At the moment, use of the service is disproportionately clustered on the coasts. “In terms of locations, a majority are in New York, followed closely by L.A.,” Ms. Murthy said of where most Partiful events were being planned. A “vast majority” of users, she added, are under 30.
The social networking platforms young people use to coordinate in-person events tend to shift over time, said Jennifer Grygiel, an associate professor at Syracuse University who studies social media.
“Every generation wants to have their own new start-up,” Professor Grygiel said. “It makes them feel a little bit different.”
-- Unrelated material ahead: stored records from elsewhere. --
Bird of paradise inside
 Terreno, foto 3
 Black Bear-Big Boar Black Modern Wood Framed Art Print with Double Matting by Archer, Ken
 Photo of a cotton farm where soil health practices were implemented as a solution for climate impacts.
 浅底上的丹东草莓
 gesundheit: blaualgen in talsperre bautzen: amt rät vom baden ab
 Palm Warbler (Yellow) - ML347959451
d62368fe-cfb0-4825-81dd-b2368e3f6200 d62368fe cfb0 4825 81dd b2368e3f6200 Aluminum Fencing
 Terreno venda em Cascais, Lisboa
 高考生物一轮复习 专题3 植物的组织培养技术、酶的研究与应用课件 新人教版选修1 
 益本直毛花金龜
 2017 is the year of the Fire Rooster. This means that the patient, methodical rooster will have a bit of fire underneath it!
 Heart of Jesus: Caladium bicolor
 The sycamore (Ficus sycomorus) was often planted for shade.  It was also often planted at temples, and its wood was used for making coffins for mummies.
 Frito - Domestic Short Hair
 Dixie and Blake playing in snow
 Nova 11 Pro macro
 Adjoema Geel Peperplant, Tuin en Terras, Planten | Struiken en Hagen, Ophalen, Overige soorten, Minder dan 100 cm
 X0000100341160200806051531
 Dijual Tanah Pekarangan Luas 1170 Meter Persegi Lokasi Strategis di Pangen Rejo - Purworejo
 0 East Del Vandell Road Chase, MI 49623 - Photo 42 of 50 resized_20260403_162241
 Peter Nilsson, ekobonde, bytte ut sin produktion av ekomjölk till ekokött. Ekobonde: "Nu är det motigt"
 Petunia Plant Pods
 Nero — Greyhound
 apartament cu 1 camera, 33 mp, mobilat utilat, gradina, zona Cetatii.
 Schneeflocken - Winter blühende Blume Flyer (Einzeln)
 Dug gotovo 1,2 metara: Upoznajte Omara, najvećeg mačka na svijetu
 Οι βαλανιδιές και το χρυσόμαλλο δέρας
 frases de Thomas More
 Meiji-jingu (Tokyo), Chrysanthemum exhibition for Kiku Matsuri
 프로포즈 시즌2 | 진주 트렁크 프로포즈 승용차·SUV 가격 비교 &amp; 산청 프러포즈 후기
Most of the parties Silvie Coheleach, 24, a software engineer in Brooklyn, went to in college were organized using Facebook’s event-planning feature.
“As Facebook became a bit less trustworthy, in the opinions of me and my friends, we definitely used it a lot less,” she said. “And that left a gap for something to come in and be like, ‘How are you going to organize your party?’”
Ms. Coheleach said that texting friends to invite them to her birthday party last year had been a hassle because she had more guests than could fit in a group chat (at most, an iMessage group can accommodate 32 members). This year, she opted for Partiful to organize her birthday picnic in Prospect Park.
Abena Anim-Somuah, 25, said she preferred Partiful to Eventbrite because Partiful sends reminders by text message rather than email — a service that elicits eye rolls from her generation.
“I think we’re at this age right now where intentional socialization is something we’re more particular about,” said Ms. Anim-Somuah, who has used Partiful to organize more than 20 dinners around New York City for a food lovers’ group she started, the Eden Place.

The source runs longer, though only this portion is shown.